Jul 12, 2020

Cosmic Cataclysm Allows Precise Test of Einstein’s Theory of General Relativity

Posted by in categories: energy, quantum physics

In 2019, the MAGIC telescopes detected the first Gamma Ray Burst at very high energies. This was the most intense gamma-radiation ever obtained from such a cosmic object. But the GRB data have more to offer: with further analyses, the MAGIC scientists could now confirm that the speed of light is constant in vacuum — and not dependent on energy. So, like many other tests, GRB data also corroborate Einstein’s theory of General Relativity. The study has now been published in Physical Review Letters.

Einstein’s general relativity (GR) is a beautiful theory that explains how mass and energy interact with space-time, creating a phenomenon commonly known as gravity. GR has been tested and retested in various physical situations and over many different scales, and, postulating that the speed of light is constant, it always turned out to outstandingly predict the experimental results. Nevertheless, physicists suspect that GR is not the most fundamental theory, and that there might exist an underlying quantum mechanical description of gravity, referred to as quantum gravity (QG).
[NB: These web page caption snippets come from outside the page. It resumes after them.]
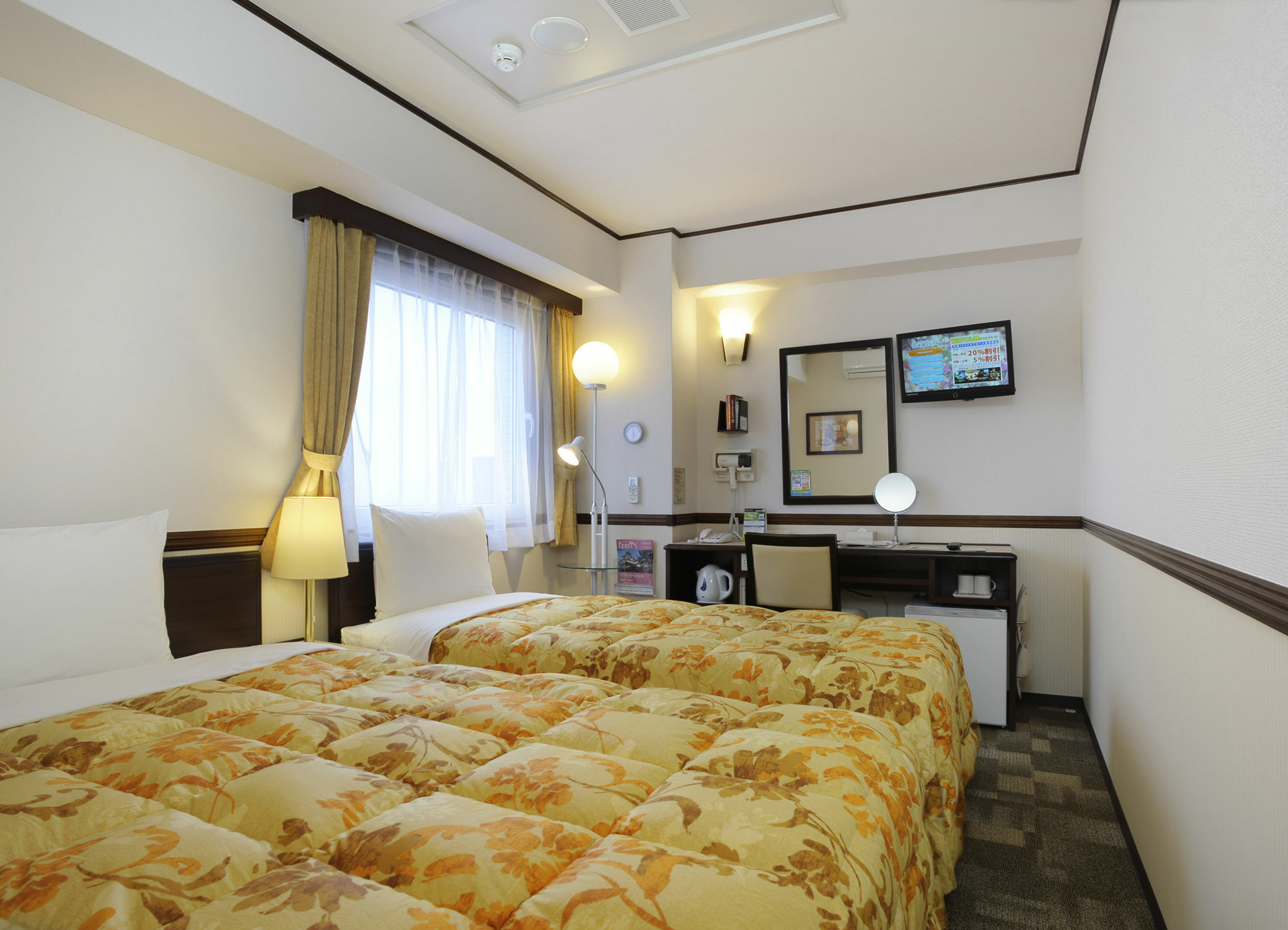 Toyoko Inn Tokyo Asakusa Senzoku Tsukuba Express 外观 照片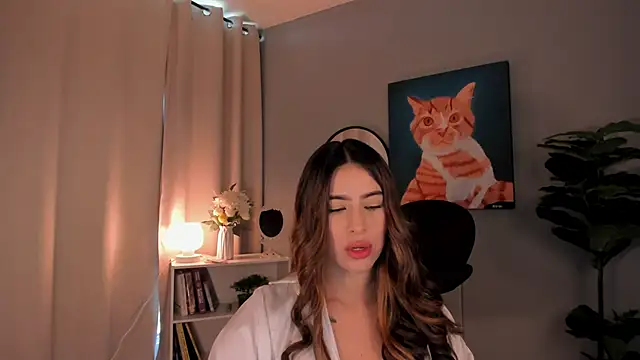 Snapshot of LiaPearce chatting on October 2025 12:30:01 PM LiaPearce online show from October 2025 12:30:01 PM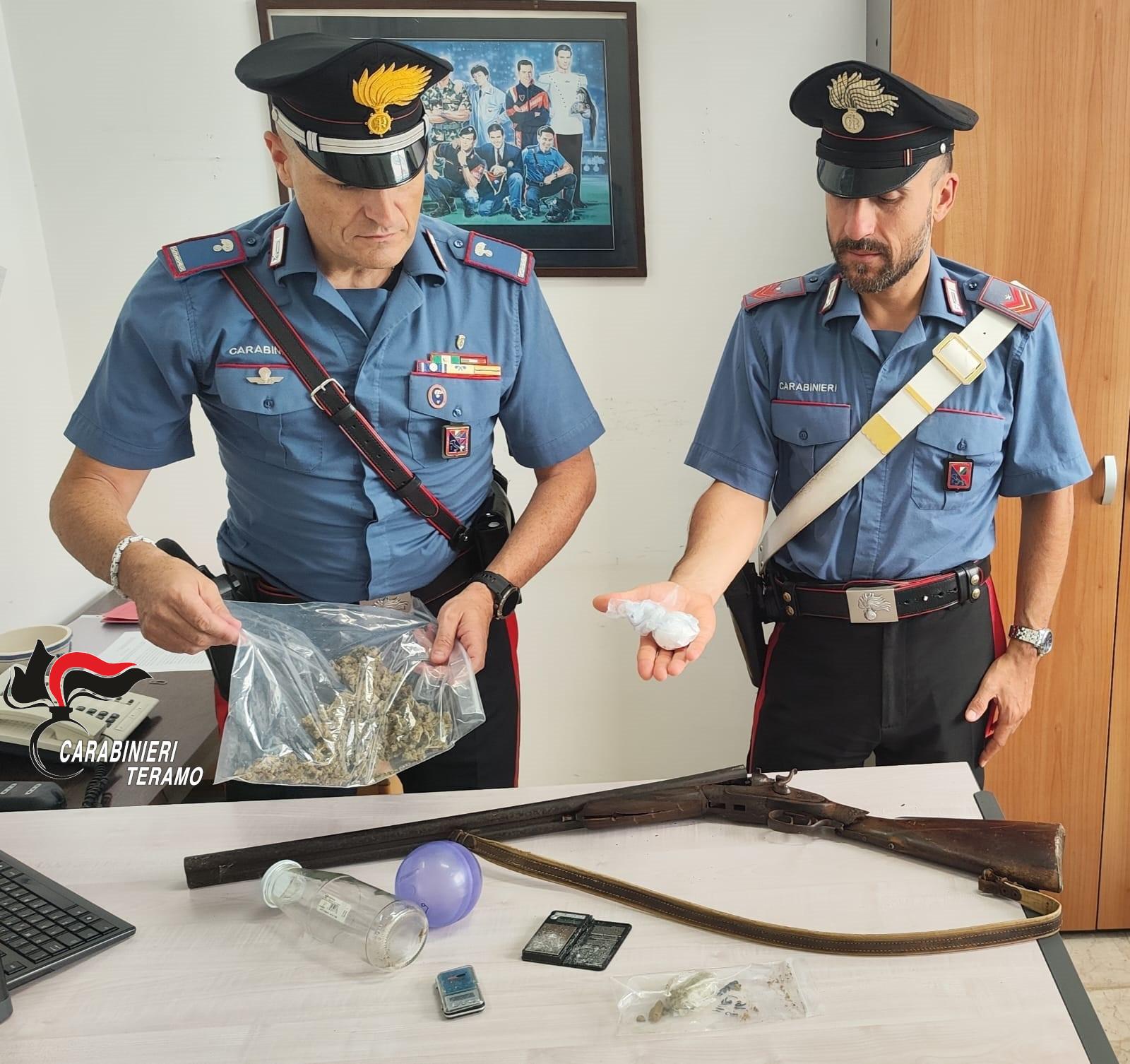 CAMPLI. ARRESTATO 45ENNE PER SPACCIO E DETENZIONE ABUSIVA DI ARMA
Some QG theories consider that the speed of light might be energy dependent. This hypothetical phenomenon is called Lorentz invariance violation (LIV). Its effects are thought to be too tiny to be measured, unless they are accumulated over a very long time. So how to achieve that? One solution is using signals from astronomical sources of gamma rays. Gamma-ray bursts (GRBs) are powerful and far away cosmic explosions, which emit highly variable, extremely energetic signals. They are thus excellent laboratories for experimental tests of QG. The higher energy photons are expected to be more influenced by the QG effects, and there should be plenty of those; these travel billions of years before reaching Earth, which enhances the effect.